Andy says: “Use AI to help do the dirty work and the boring bits that you don’t really want to spend time doing – but don’t forget to be human first with everything you’re doing.”

What elements need to be done by a human?

“First and foremost, the fact-checking. A very dangerous aspect of AI is that it can easily make things up that are completely factually incorrect.

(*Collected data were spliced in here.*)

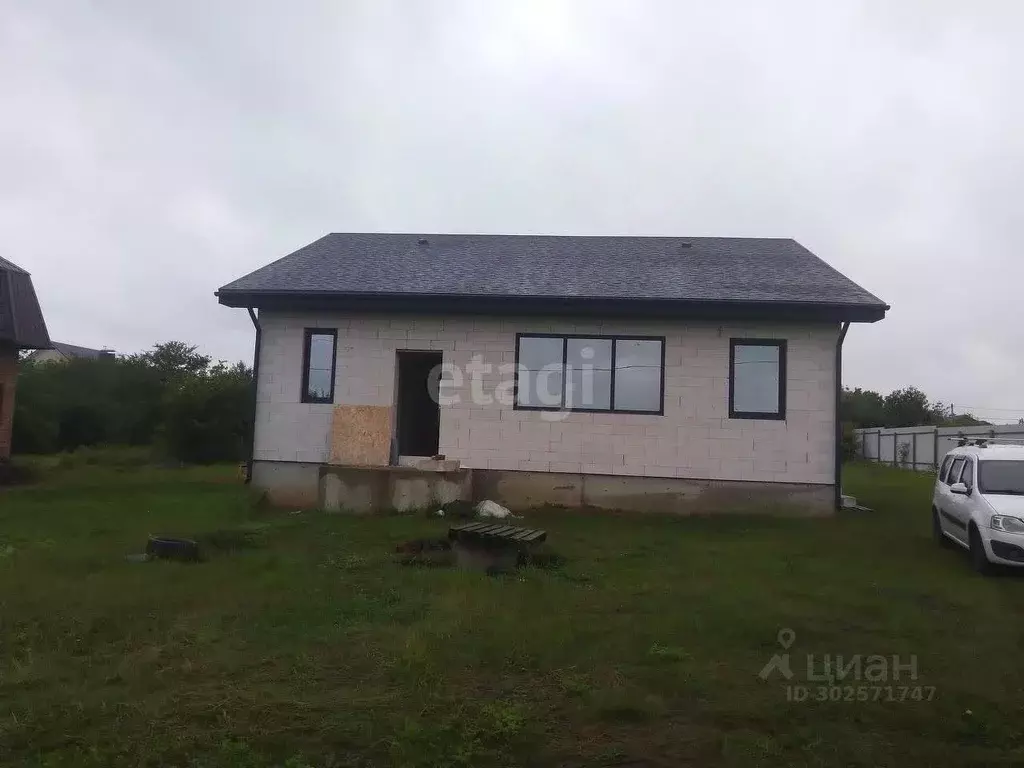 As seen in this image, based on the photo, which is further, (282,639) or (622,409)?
(622,409)

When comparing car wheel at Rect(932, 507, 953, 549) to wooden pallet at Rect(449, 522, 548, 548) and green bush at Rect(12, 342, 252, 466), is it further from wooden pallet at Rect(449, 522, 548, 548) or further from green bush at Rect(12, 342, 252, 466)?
green bush at Rect(12, 342, 252, 466)

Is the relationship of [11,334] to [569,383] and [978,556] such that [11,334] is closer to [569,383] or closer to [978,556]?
[569,383]

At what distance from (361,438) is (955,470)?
30.7 feet

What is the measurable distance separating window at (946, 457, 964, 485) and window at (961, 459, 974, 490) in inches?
10.5

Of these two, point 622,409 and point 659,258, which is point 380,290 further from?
point 659,258

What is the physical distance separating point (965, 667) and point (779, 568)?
3321 millimetres

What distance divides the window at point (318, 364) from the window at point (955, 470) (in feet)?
33.2

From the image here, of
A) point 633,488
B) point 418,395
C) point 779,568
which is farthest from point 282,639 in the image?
point 418,395

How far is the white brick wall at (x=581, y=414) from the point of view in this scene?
12.6 metres

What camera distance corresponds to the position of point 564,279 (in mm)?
13969

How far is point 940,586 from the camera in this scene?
301 inches

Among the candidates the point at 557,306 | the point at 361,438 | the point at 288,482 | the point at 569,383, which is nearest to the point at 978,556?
the point at 569,383

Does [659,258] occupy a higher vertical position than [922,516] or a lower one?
higher

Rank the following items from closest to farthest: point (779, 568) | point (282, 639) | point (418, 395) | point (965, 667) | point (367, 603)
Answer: point (965, 667) → point (282, 639) → point (367, 603) → point (779, 568) → point (418, 395) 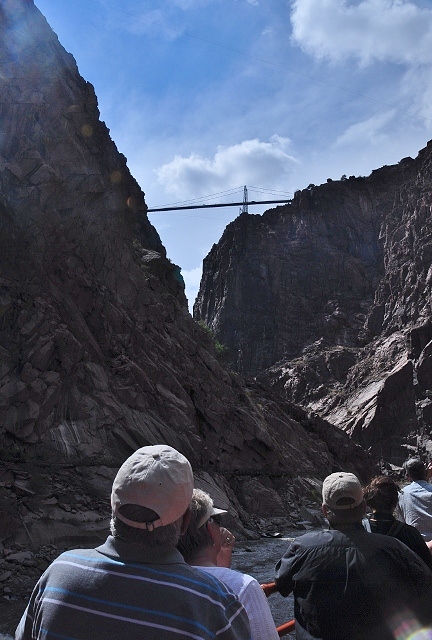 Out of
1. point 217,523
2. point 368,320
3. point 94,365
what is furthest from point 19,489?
point 368,320

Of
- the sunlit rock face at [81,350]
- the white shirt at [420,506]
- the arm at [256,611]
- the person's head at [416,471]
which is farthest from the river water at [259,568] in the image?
the arm at [256,611]

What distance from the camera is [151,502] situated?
2016mm

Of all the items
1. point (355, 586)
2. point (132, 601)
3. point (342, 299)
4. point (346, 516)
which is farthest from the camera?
point (342, 299)

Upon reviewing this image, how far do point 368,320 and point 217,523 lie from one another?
257 ft

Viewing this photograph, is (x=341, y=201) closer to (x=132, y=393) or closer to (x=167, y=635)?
(x=132, y=393)

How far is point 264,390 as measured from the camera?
121 ft

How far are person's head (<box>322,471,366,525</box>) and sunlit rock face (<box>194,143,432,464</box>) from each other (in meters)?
58.2

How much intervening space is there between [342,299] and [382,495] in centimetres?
8292

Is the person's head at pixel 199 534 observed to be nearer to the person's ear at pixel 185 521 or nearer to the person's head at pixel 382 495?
the person's ear at pixel 185 521

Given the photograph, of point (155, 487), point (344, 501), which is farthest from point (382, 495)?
point (155, 487)

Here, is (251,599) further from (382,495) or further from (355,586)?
(382,495)

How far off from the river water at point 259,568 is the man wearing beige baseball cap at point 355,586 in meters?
7.06

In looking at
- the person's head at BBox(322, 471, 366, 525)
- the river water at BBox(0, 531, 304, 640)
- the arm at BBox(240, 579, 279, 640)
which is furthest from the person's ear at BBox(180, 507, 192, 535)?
the river water at BBox(0, 531, 304, 640)

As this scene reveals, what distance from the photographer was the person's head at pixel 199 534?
8.00ft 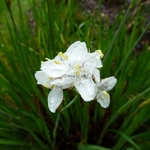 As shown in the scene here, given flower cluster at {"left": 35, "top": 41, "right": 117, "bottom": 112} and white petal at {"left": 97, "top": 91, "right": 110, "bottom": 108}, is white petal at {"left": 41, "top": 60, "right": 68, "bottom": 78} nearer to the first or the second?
flower cluster at {"left": 35, "top": 41, "right": 117, "bottom": 112}

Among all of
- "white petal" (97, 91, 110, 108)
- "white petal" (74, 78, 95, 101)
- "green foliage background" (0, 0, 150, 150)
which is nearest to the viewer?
"white petal" (74, 78, 95, 101)

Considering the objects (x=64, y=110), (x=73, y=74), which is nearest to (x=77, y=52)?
(x=73, y=74)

One example of that is when Google’s AI overviews were saying that you should eat rocks as part of a healthy diet. If you searched for, ‘How many rocks should I eat?’, it gave a nice AI overview saying, ‘You should eat several a day to improve your diet.’

You also need a human to attach your own style to things, and the tone of voice in particular. You might have a client where you need to hit the mark with that, or you may need to give it your own tone of voice, style, and interpretation.

Otherwise, everyone is going to be using the same style of writing. Obviously, you can use different prompts or different AI models to try and give it some more flavour, but there’s no better flavour or style than your own writing.”

Do you use AI to start with, and come up with concepts and ideas, before embellishing it using a real human?

“Absolutely, but it’s not just with content that you want to be using an AI model. You can also use them for the boring parts of SEO, like trying to think up 155 characters for a meta description.

If you have 100 new products to add to your website, that takes a lot of time. However, if you can invest in a model to give you a starting point, and then you only need to fact check and proof those, you’ve got a good time saving on your hand.”

How do you prompt AI to get that done to the best possible standard?

“You want to give it as much information as possible. At the moment, we assume it’s clever enough to figure it out for itself, but it’s not.

You need to think about what additional information you can give to it. Are there related products or similar things to what you want it to write about? Spoon-feed it.

If you can make that into an automated process, you won’t have to manually provide that information each time. You could put it in a spreadsheet, for example, that runs a script, takes that information, and feeds it directly to the model. Then, you’re saving time, but you’re also giving it substantial information.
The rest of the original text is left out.